*** Opening of RECORDS FOR THIS TASK ***

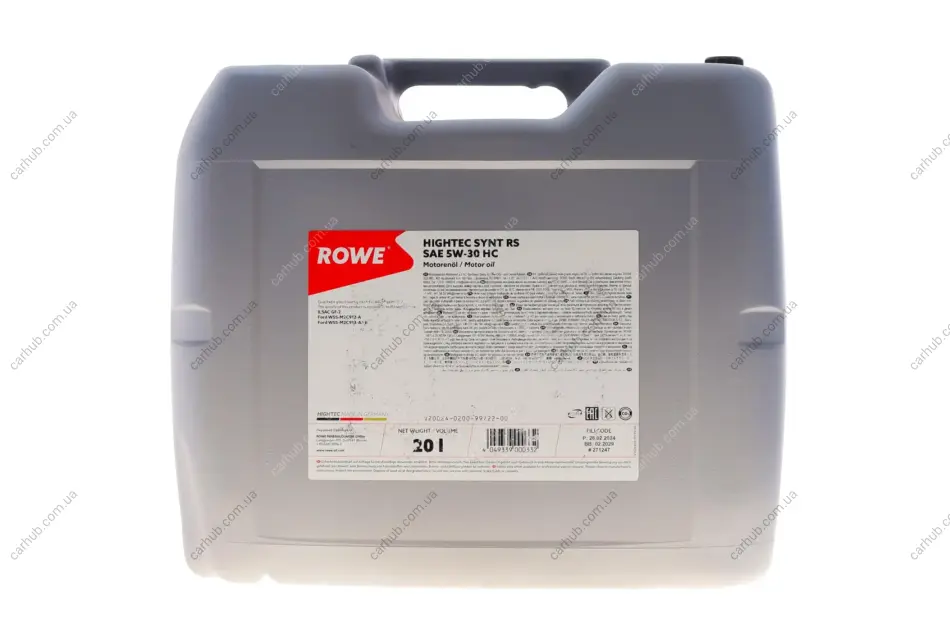Олива 5W30 HIGHTEC SYNT RS HC (20L) (ILSAC GF-2/WSS-M2C912-A/WSS-M2C913-A/-B) ROWE 20024-0200-99 (фото 1)
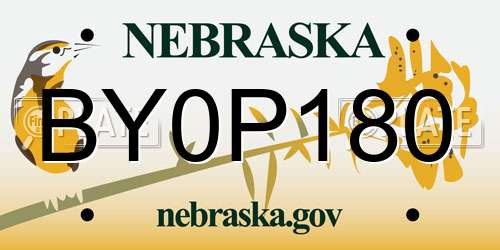 BY0P180 Nebraska License Plate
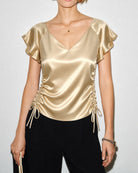 Women's Woven Polyester Tops Apricot Tops - RIHOAS
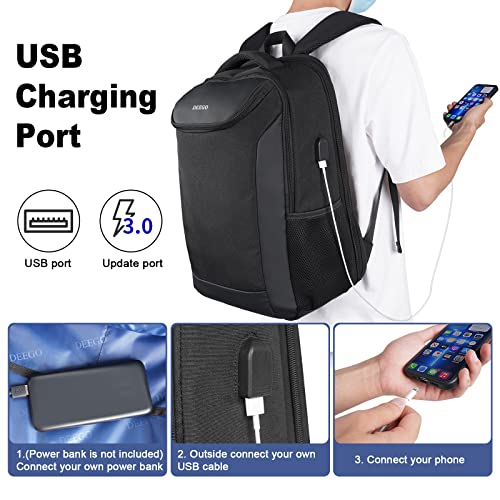Laptop Backpack for Men, TSA Business Travel Backpack Water Resistant with USB Charging Port, Slim Durable Anti Theft College School Computer Bookbag for Men Women Fits 15.6 Inch Laptop, Black
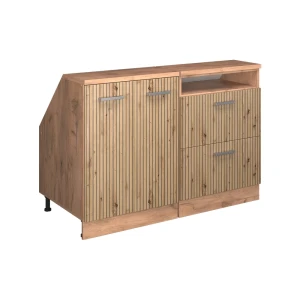 Dachschrägenschrank-Set Rion Artisan-Eiche 120 cm 2er Set Schrankkorpuss 60 cm Tiefe Vicco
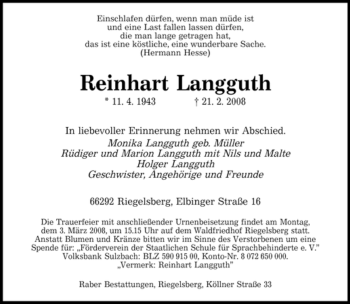 Traueranzeige von Reinhart Langguth von SAARBRÜCKER ZEITUNG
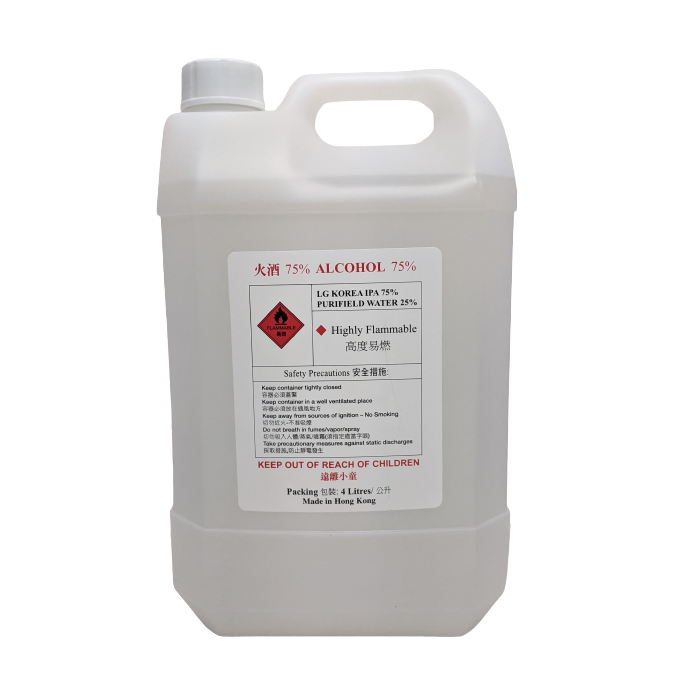 消毒酒精 火酒 4L (75%異丙醇) [韓國原料 本港製造] -[防治床蚤床蝨好幫手]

*** Close of RECORDS FOR THIS TASK ***

▸ **WHAT YOU SHOULD DO**:
Could you set down the records above exactly, skipping any picture?

▸ **TASK ANSWER**:
Олива 5W30 HIGHTEC SYNT RS HC (20L) (ILSAC GF-2/WSS-M2C912-A/WSS-M2C913-A/-B) ROWE 20024-0200-99 (фото 1)
 BY0P180 Nebraska License Plate
 Women's Woven Polyester Tops Apricot Tops - RIHOAS
Laptop Backpack for Men, TSA Business Travel Backpack Water Resistant with USB Charging Port, Slim Durable Anti Theft College School Computer Bookbag for Men Women Fits 15.6 Inch Laptop, Black
 Dachschrägenschrank-Set Rion Artisan-Eiche 120 cm 2er Set Schrankkorpuss 60 cm Tiefe Vicco
 Traueranzeige von Reinhart Langguth von SAARBRÜCKER ZEITUNG
 消毒酒精 火酒 4L (75%異丙醇) [韓國原料 本港製造] -[防治床蚤床蝨好幫手]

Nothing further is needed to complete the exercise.